=== Section Start ===

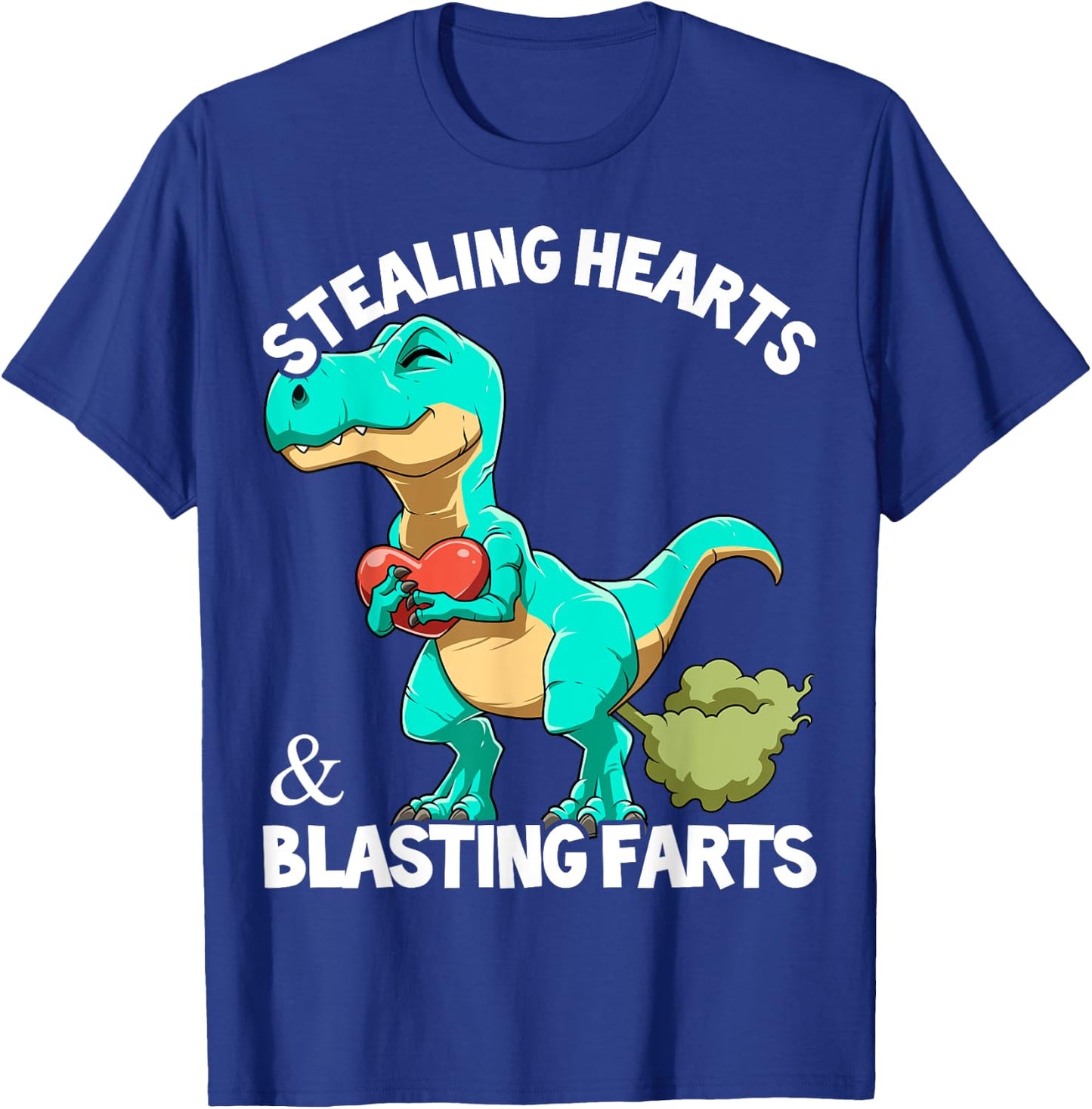 Dinosaur Fart T-Rex Valentine Stealing Hearts Blasting Farts T-Shirt - T-Shirt | Royal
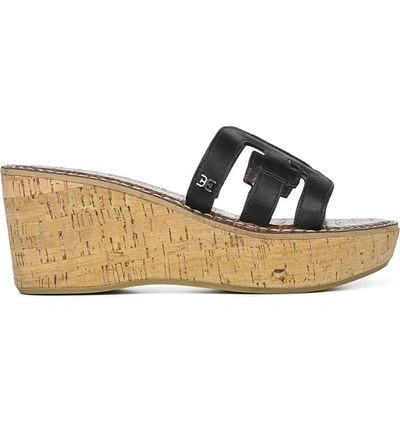 Shop Sam Edelman Regis Platform Wedge Slide Sandal In Black Leather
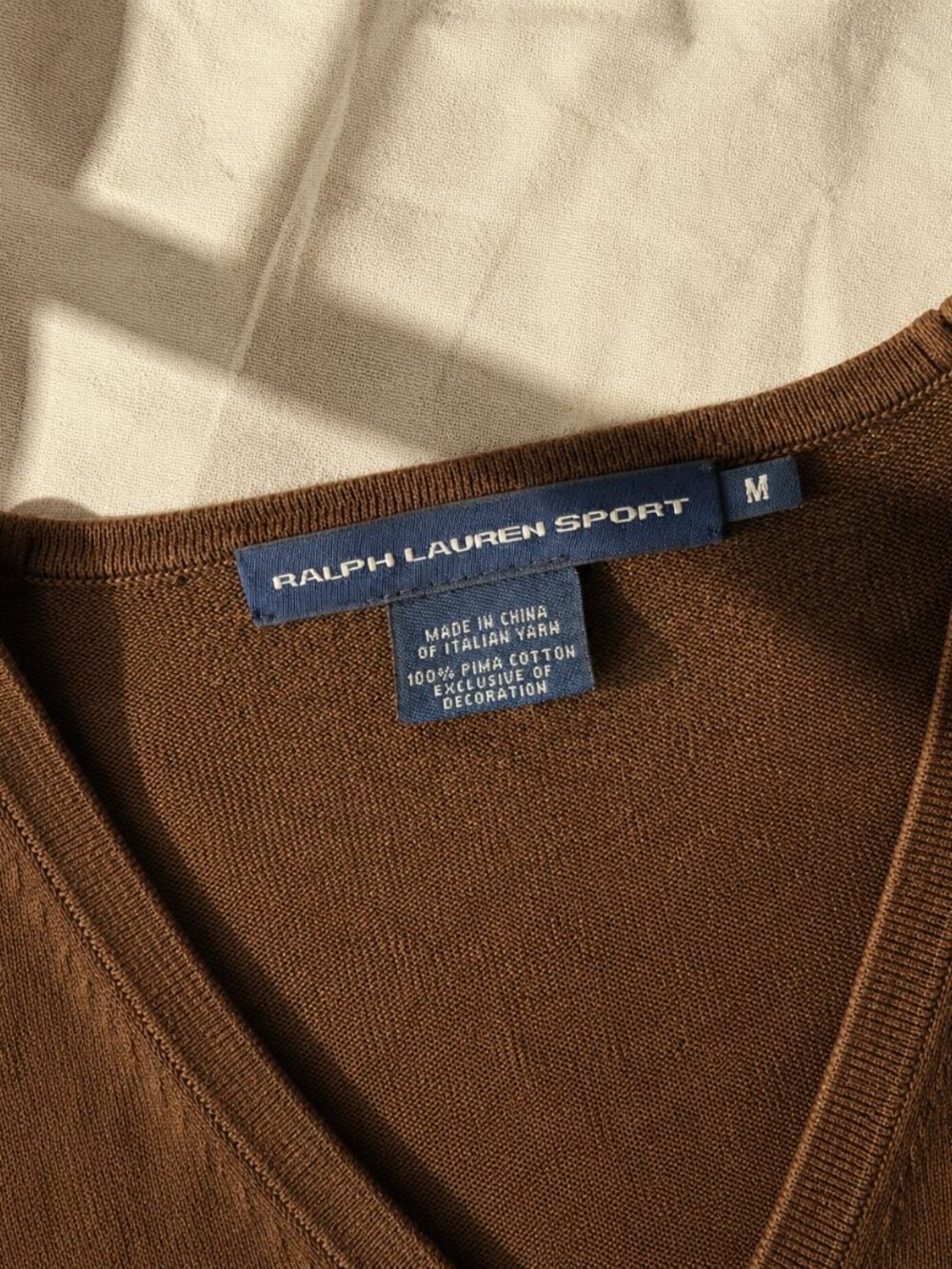 Ralph Lauren Sport Chocolate Brown V-Neck Sweater Gold Crest Medium - Picture 7 of 8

=== Section End ===

(What is required):
Nothing but the pictures is to be left out; the rest of the listing should be copied exactly.

(Reply):
 Dinosaur Fart T-Rex Valentine Stealing Hearts Blasting Farts T-Shirt - T-Shirt | Royal
 Shop Sam Edelman Regis Platform Wedge Slide Sandal In Black Leather
 Ralph Lauren Sport Chocolate Brown V-Neck Sweater Gold Crest Medium - Picture 7 of 8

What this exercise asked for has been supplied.